:: Data for this task

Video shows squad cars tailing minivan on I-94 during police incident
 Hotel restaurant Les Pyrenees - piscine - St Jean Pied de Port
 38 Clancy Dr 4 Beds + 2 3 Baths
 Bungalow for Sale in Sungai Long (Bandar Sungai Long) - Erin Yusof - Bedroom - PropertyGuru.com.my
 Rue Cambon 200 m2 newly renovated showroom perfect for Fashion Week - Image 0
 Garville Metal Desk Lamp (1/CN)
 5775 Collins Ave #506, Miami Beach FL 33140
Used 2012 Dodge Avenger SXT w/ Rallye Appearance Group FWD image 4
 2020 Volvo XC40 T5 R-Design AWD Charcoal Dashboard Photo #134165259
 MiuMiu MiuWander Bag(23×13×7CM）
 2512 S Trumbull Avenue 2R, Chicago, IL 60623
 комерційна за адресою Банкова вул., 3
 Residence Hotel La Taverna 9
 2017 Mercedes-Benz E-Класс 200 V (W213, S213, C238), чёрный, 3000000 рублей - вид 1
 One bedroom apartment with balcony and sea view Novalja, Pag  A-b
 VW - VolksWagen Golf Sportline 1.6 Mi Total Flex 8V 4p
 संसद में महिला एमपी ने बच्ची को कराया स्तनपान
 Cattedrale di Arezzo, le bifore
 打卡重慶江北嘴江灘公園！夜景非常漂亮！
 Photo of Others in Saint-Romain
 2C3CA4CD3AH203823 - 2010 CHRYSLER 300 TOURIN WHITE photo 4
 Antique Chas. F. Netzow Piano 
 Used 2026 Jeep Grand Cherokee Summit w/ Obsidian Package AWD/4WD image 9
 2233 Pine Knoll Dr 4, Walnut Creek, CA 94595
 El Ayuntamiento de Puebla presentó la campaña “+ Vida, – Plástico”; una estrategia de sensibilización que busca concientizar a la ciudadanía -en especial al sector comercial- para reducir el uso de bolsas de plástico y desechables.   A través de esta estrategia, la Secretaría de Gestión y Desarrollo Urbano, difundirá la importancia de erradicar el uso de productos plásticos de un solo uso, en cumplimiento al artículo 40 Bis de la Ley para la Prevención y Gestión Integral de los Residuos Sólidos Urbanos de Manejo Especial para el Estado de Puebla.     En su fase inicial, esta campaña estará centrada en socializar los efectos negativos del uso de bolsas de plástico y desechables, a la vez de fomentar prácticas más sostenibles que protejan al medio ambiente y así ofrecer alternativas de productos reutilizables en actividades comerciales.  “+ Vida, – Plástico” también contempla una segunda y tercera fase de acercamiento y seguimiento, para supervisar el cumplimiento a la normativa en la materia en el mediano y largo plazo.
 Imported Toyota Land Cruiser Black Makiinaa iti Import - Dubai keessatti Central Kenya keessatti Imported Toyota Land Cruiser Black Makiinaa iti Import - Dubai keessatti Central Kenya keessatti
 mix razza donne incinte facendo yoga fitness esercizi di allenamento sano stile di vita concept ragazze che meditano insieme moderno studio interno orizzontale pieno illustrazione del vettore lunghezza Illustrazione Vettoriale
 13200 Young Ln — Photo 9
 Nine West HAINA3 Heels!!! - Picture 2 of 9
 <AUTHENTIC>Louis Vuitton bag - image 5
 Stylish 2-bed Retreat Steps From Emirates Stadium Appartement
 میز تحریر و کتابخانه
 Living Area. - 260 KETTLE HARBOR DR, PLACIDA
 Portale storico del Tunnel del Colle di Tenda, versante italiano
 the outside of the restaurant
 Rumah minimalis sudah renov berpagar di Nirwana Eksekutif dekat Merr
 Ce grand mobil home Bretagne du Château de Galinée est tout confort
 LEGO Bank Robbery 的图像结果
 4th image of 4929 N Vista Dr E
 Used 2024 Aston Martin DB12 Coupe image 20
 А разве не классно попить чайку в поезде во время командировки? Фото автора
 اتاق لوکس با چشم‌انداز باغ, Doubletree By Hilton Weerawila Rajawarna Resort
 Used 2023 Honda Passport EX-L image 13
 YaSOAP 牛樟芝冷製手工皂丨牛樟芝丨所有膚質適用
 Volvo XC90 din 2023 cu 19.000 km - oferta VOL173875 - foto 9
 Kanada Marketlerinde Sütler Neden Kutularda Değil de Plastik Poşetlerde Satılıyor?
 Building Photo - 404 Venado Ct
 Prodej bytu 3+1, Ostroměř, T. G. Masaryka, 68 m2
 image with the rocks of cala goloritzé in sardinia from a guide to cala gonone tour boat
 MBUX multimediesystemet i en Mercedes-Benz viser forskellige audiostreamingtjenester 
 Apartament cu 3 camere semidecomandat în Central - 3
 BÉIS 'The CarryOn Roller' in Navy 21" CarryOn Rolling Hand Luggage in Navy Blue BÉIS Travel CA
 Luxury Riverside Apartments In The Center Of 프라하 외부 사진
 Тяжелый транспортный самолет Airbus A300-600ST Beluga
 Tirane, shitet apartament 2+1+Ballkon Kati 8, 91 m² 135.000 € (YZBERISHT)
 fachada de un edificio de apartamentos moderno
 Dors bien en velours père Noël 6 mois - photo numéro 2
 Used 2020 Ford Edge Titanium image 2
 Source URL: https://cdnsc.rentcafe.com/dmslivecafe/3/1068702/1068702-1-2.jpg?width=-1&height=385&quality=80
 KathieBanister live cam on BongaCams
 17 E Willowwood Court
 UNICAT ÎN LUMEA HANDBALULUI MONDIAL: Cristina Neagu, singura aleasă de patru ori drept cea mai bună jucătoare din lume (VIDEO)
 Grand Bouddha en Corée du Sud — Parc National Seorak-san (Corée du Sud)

::::

■ Your goal ■
Starting at the line above that holds "mix razza donne" and ending at the line that holds "<AUTHENTIC>Louis Vuitton bag - image 5", transcribe each line exactly and include no other lines.

■ Exercise solution ■
 mix razza donne incinte facendo yoga fitness esercizi di allenamento sano stile di vita concept ragazze che meditano insieme moderno studio interno orizzontale pieno illustrazione del vettore lunghezza Illustrazione Vettoriale
 13200 Young Ln — Photo 9
 Nine West HAINA3 Heels!!! - Picture 2 of 9
 <AUTHENTIC>Louis Vuitton bag - image 5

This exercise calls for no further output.